Pembagian Kursi Parlemen Kurang Proporsional

Kamis, 29 Desember 2022 - 17:39
Bagikan :
Pembagian Kursi Parlemen Kurang Proporsional
Rapat paripurna DPR yang digelar di Kompleks Gedung Parlemen, Senayan, Jakarta, Selasa (12/5/2020). [Sumber/kompas]

alfikr.id, Jakarta- Pembagian 290 parlemen untuk masing-masing daerah pemilihan di Pulau Jawa dan luar Jawa dikhawatirkan dapat menimbulkan dikotomi yang bisa merusak proses politik. 

Dewan Perwakilan Rakyat (DPR) berharap jumlah kursi di tiap-tiap daerah pemilihan ditetapkan berdasarkan jumlah penduduk karena dinilai mampu menjamin kesetaraan nilai suara.

Karena itu, Anggota KPU, Idham Holik, mengungkapkan, KPU masih menyusun daerah pemilihan (dapil) bersama empat tim ahli penyusunan dapil, yakni Ramlan Surbakti, Ahsanul Minan, Didik Suproyanto, dan Sidik Pramono. Dalam rapat pertama yang berlangsung pada Senin (26/12/22), tim ahli memberikan pandangan teoretis dan strategis tentang penataan dapil untuk DPR dan DPRD provinsi. Namun, dalam rapat pertama, belum ada keputusan yang diambil.

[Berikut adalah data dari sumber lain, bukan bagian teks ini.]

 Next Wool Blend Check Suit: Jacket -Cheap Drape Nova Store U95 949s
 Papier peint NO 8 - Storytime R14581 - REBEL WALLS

"Aspek keadilan jumlah penduduk dan wilayah jadi pertimbangan dalam perumusan regulasi teknis penataan daerah pemilihan,” kata Idham di Jakarta, Selasa (27/12/2022) lalu.

Menurut rencana, rancangan dapil yang saat ini disusun oleh KPU akan dipresentasikan secara detail saat rapat konsultasi dengan DPR. KPU juga masih menyelesaikan perumusan regulasi penataan dapil DPR dan DPRD provinsi yang kewenangannya dikembalikan ke KPU.

Menukil dari kompas.id, Mahkamah Konstitusi, telah mengembalikan kewenangan penyusunan dapil dan penentuan alokasi kursi untuk pemilihan anggota DPR dan DPRD provinsi kepada KPU, pada Selasa, (20/12/22) kemarin.

Sebelumnya, alokasi kursi dan dapil DPR dan DPRD provinsi sudah tertera di lampiran Undang-Undang Nomor 7 Tahun 2017 tentang Pemilu yang disusun pemerintah bersama DPR.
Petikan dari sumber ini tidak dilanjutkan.